> [WHAT THE TASK REQUIRES]: Transcribe exactly the lines that fall between the one holding "Ravensburger pusle 300 tk Star Wars" and the one holding "James Harden Card No. 81", inclusive, from the entries below.

> [EXERCISE MATERIAL]:

- - -

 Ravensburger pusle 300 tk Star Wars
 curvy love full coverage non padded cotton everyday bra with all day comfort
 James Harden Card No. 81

- - -

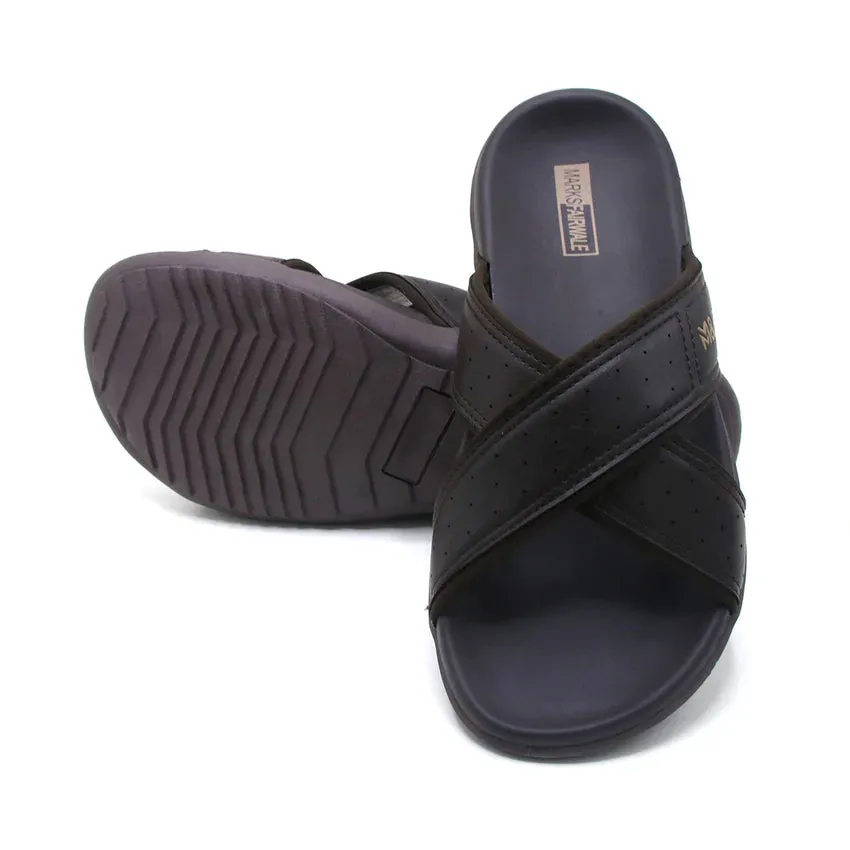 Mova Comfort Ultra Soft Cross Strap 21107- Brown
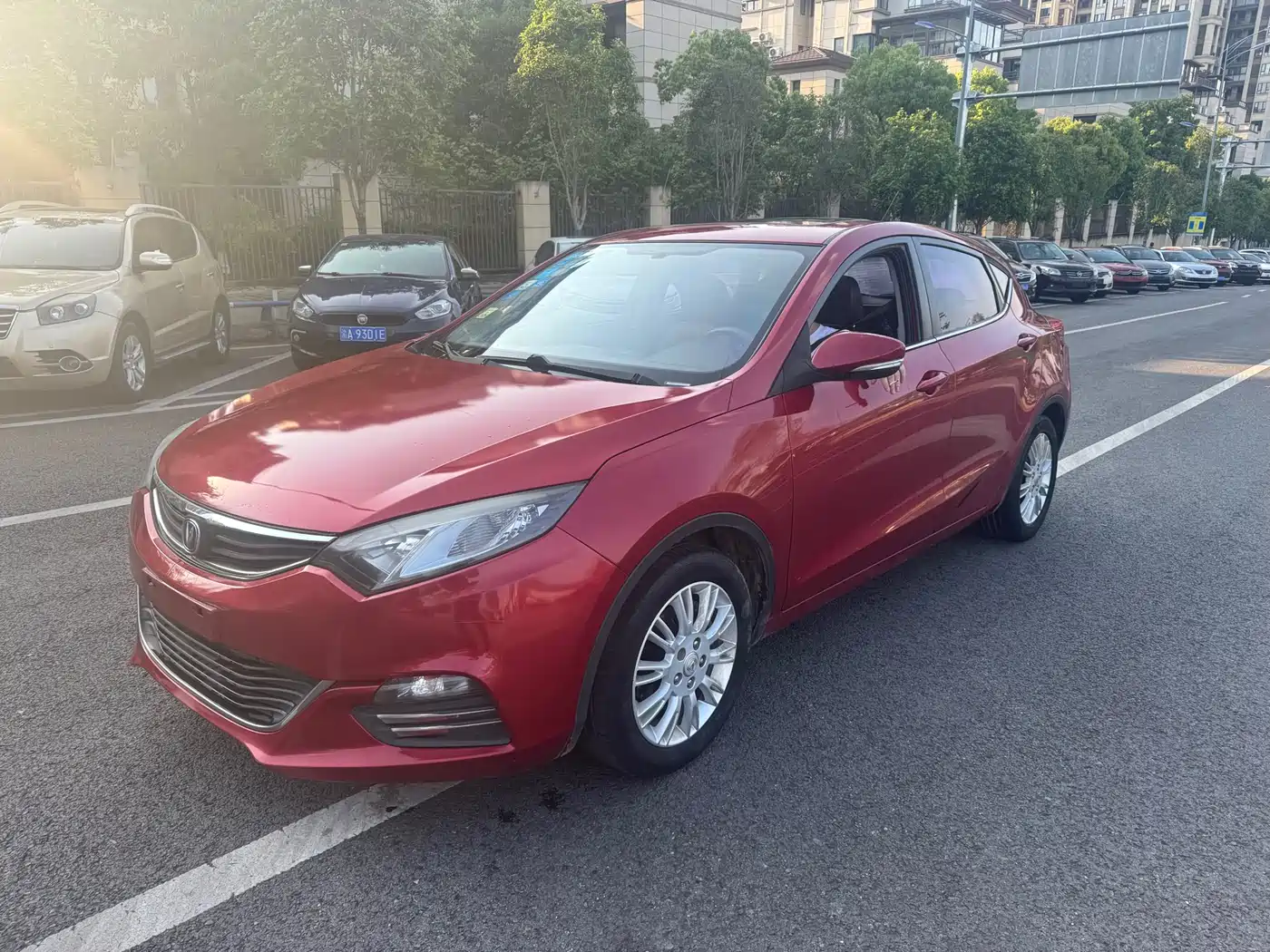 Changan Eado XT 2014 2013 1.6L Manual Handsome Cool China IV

- - -

> [SOLUTION BELOW]:
 Ravensburger pusle 300 tk Star Wars
 curvy love full coverage non padded cotton everyday bra with all day comfort
 James Harden Card No. 81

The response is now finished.